- Recorded data:
*** Begin section ***

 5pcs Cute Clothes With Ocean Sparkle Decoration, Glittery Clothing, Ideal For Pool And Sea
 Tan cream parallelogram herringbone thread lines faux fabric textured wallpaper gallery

*** End section ***
*** Begin section ***

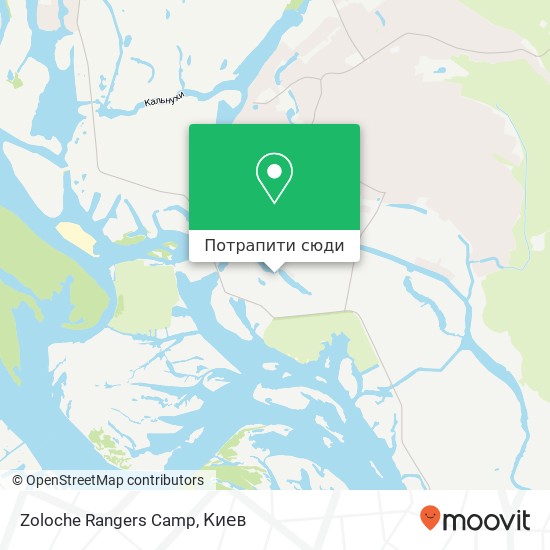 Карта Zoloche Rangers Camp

*** End section ***
*** Begin section ***

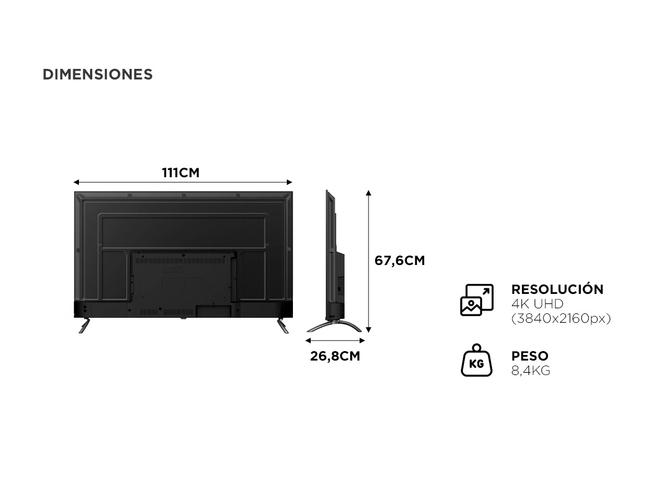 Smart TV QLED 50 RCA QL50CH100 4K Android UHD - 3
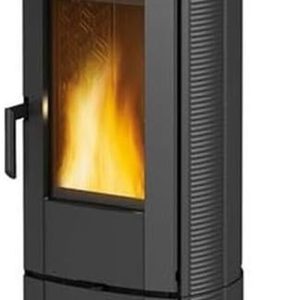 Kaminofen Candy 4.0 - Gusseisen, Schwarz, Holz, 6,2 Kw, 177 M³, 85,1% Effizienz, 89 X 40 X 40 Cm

*** End section ***

- What you need to do:
Copy exactly the lines of the entries above from the one containing "Smart TV QLED" through the one containing "Kaminofen Candy 4.0". Both end lines count; pictures do not.

- Written solution:
 Smart TV QLED 50 RCA QL50CH100 4K Android UHD - 3
 Kaminofen Candy 4.0 - Gusseisen, Schwarz, Holz, 6,2 Kw, 177 M³, 85,1% Effizienz, 89 X 40 X 40 Cm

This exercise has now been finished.